> [WHAT TO WORK ON]:
Could you transcribe every record below exactly, leaving out the pictures?

[INPUT DATA — start]

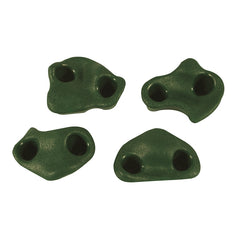Playstar PS 7831 Climbing Rock Kit, Green,; Small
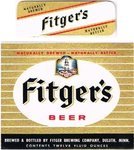 Fitger's Beer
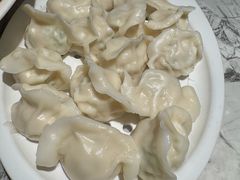 -悦海·家宴·冰花皮皮虾大锅贴(宝龙店)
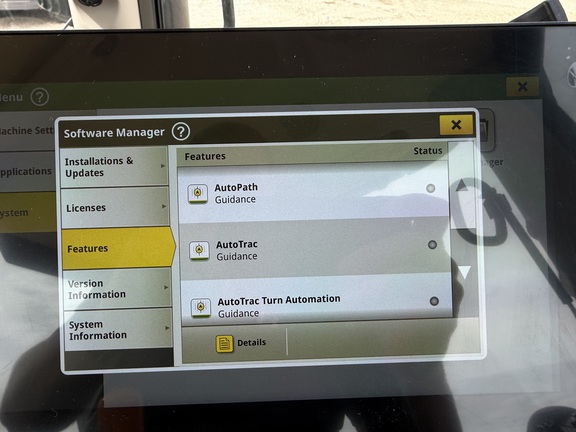 2024 John Deere 6R 155 - Photo35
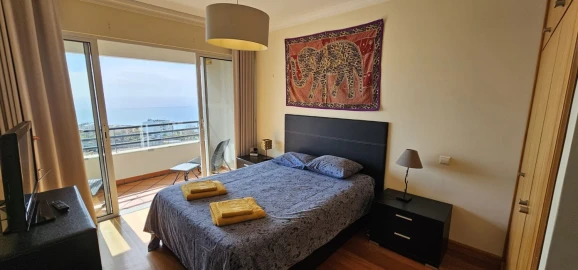 Apartamento T3 para Venda em São Martinho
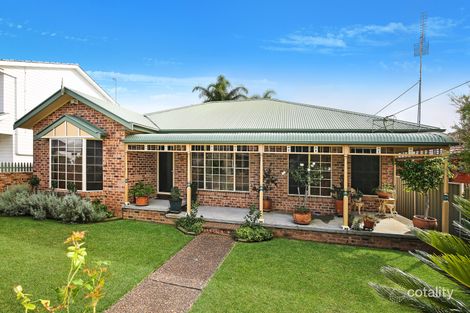 Property photo of 42 Sturdee Street Towradgi NSW 2518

[INPUT DATA — finish]

> [EXERCISE ANSWER]:
Playstar PS 7831 Climbing Rock Kit, Green,; Small
 Fitger's Beer
 -悦海·家宴·冰花皮皮虾大锅贴(宝龙店)
 2024 John Deere 6R 155 - Photo35
 Apartamento T3 para Venda em São Martinho
 Property photo of 42 Sturdee Street Towradgi NSW 2518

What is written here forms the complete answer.